Langkah Kejagung ini dinilai sebagai bagian dari upaya untuk memastikan kerugian negara benar-benar bisa dipulihkan, sekaligus mengembalikan kepercayaan publik terhadap proses penegakan hukum.


Wilmar Group Klaim Dana Rp11,88 Triliun Bukan Sitaan, Melainkan Dana Jaminan

Manajemen Wilmar International Limited buka suara terkait uang triliunan rupiah yang saat ini berada dalam penguasaan Kejaksaan Agung.

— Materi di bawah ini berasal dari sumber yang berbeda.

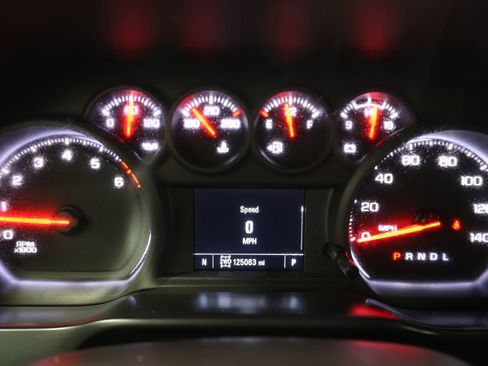 Used 2020 Chevrolet Silverado 1500 Custom w/ Custom Value Package image 8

Pihak Wilmar menegaskan bahwa dana tersebut bukan hasil sitaan, melainkan dana jaminan yang diserahkan secara sukarela.

“Uang itu bukan sitaan karena proses hukum masih berjalan, bahkan sidang pun belum dimulai,” demikian pernyataan resmi manajemen Wilmar seperti dikutip Selasa (pekan ini).

Wilmar menjelaskan bahwa pada April 2024, Kejaksaan Agung Republik Indonesia melayangkan dakwaan kepada lima entitas anak usaha Wilmar Group: PT Multimas Nabati Asahan, PT Multi Nabati Sulawesi, PT Sinar Alam Permai, PT Wilmar Bioenergi Indonesia, dan PT Wilmar Nabati Indonesia.

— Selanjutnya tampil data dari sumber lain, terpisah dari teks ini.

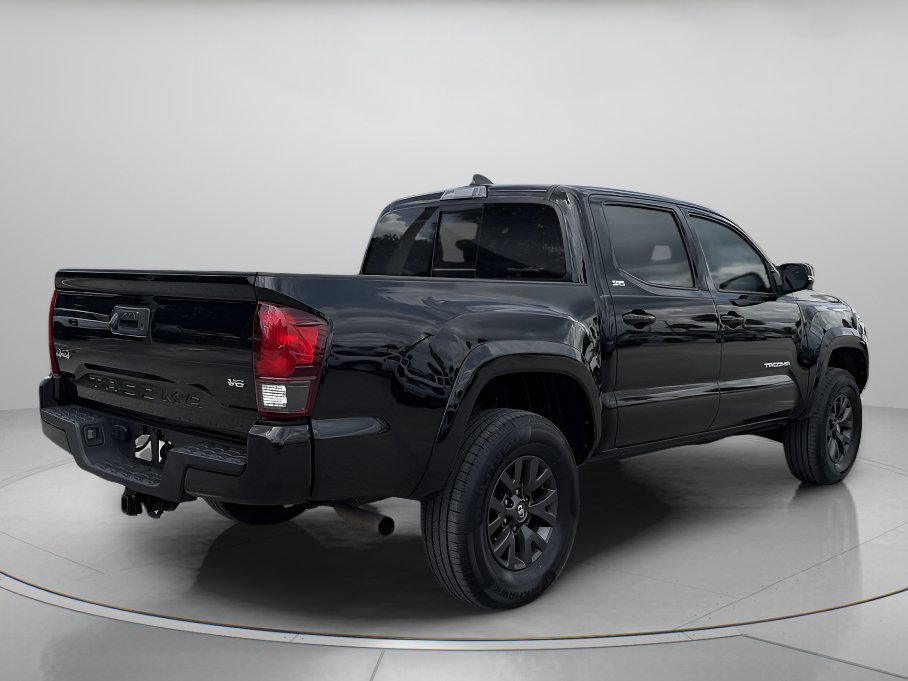 Used 2023 Toyota Tacoma SR5 w/ Technology Package AWD/4WD image 3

Kelima perusahaan itu diduga terlibat dalam praktik korupsi pada periode Juli hingga Desember 2021, saat Indonesia tengah dilanda kelangkaan minyak goreng. Dakwaan menyebut kerugian negara mencapai Rp12,3 triliun atau setara dengan sekitar USD 755 juta.

Meski demikian, Wilmar bersikukuh bahwa seluruh aktivitas ekspor minyak goreng yang dilakukan telah sesuai dengan ketentuan yang berlaku saat itu.

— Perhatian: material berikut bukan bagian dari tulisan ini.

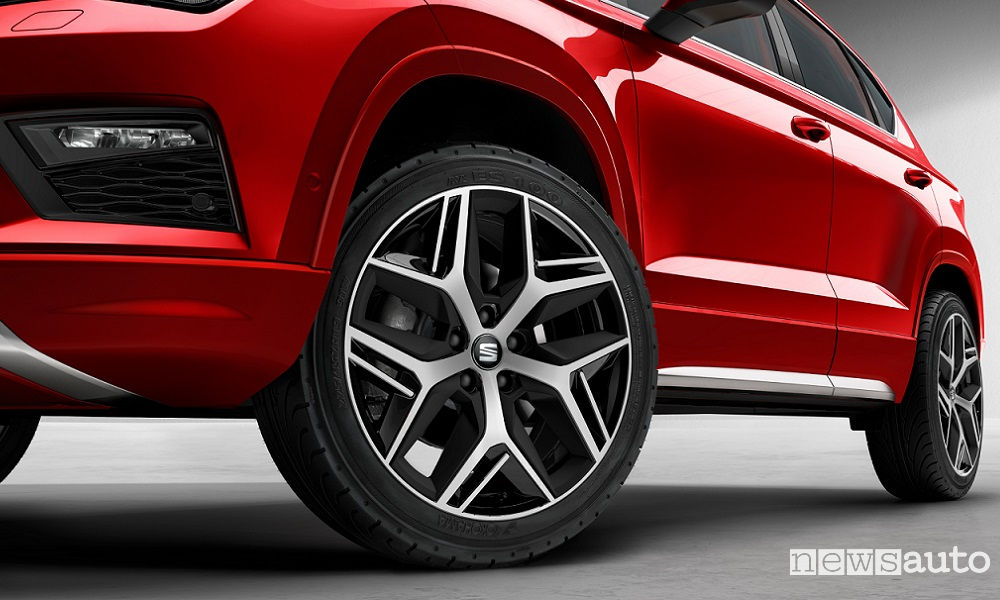 seat-ateca-fr-4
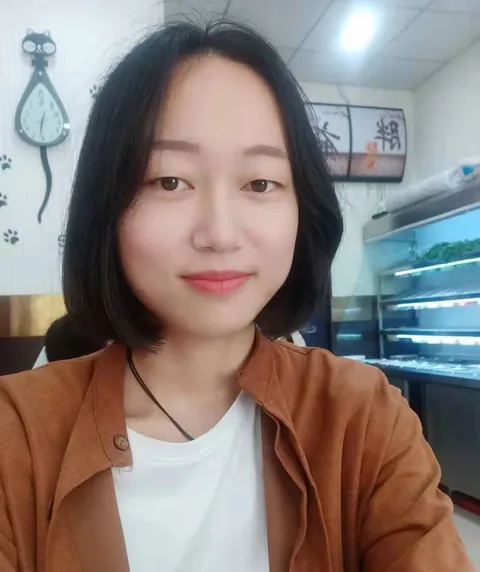 Zhang Yaqian (张雅倩)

“Sejak awal, kami menyampaikan bahwa seluruh tindakan yang dilakukan selama periode tersebut telah mematuhi aturan hukum yang berlaku,” tulis manajemen.

Dalam perkembangan perkara, Kejaksaan Agung mengajukan banding atas putusan Pengadilan Negeri Jakarta Pusat ke Mahkamah Agung (MA). Sebagai bentuk dukungan terhadap proses hukum, Wilmar mengaku telah menempatkan dana jaminan senilai Rp11,88 triliun.

“Penempatan dana jaminan ini dimaksudkan untuk menunjukkan itikad baik serta keyakinan kami bahwa perusahaan tidak bersalah dalam perkara ini,” kata Wilmar.

Dana tersebut, lanjut pernyataan, merepresentasikan sebagian dari dugaan kerugian negara dan keuntungan ilegal yang dituduhkan kepada pihak Wilmar.

Pihak perusahaan menyatakan, dana jaminan akan dikembalikan sepenuhnya jika MA memutuskan untuk menguatkan vonis bebas PN Jakarta Pusat. Sebaliknya, dana bisa disita sebagian atau seluruhnya tergantung pada putusan akhir.

“Penempatan dana ini merupakan langkah sukarela dari pihak Wilmar sebagai bentuk kepercayaan terhadap sistem hukum di Indonesia,” tegas manajemen.

Wilmar juga kembali menekankan bahwa semua kegiatan yang dilakukan perusahaan dilakukan dengan niat baik dan tanpa motif koruptif.